Thanks for reading, and thanks more for any help you can offer!


----------



## FrankC (Aug 24, 2012)

A new rip saw should be sharp enough to make the cuts you need, take your time and you will be fine. Saw sharpening is an art, I really doubt that if you have never done it before you could improve anything.

It might be easier if you clamped your board along a plank that is resting on your sawhorses.


----------



## amckenzie4 (Apr 29, 2010)

I can tell you what worked for me, although your experience might differ.

1) Use a bigger tooth rip saw than you expect. For 3/4" material, I use a saw that's something like 5 1/2 points per inch. Yeah, it leaves a rough surface. That's what the planes are for. If I want a fine surface and very little planing, I use a Japanese-style Ryoba saw. The one I have curves like crazy when I'm using the ripping teeth, though.

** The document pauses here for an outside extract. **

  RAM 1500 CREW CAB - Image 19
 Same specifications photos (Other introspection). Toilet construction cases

2) Build a sawbench. My rip cuts come out MUCH straighter when I'm cutting on a sawbench than any other way. There are a lot of good articles about building them if you search google for "sawbench", but the short version is that it's a low bench, roughly knee-height, with a birds-mouth cutout at one end. For ripping, set the board over the birdsmouth, and move it every time you've cut six inches or so.

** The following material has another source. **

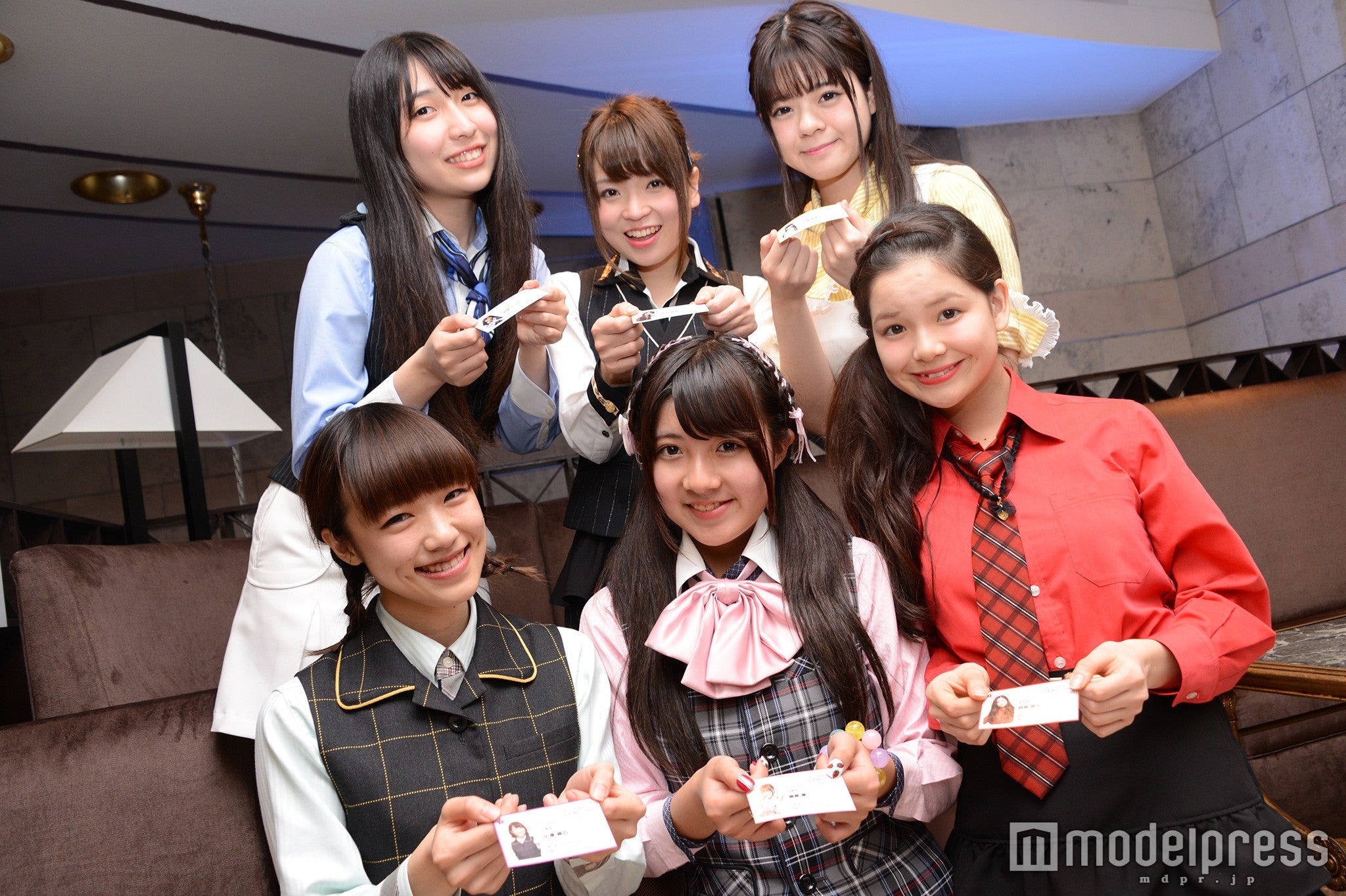 異色の“オフィス系”ガールズが堂々デビュー“カプ式会社ハイパーモチベーション”初ライブで「他のアイドルに負けない！」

3) Flip your work frequently. Mark both sides from a known-true edge, and every six inches or so flip your work over. Small inaccuracies will be fixed much faster that way.


As a final recommendation, try your cuts in something cheap first: 1x4 pine won't give you any impression as to the difficulty of the cut, but you'll be able to tell right away if the saw is going to tend to drift in one direction or the other.


----------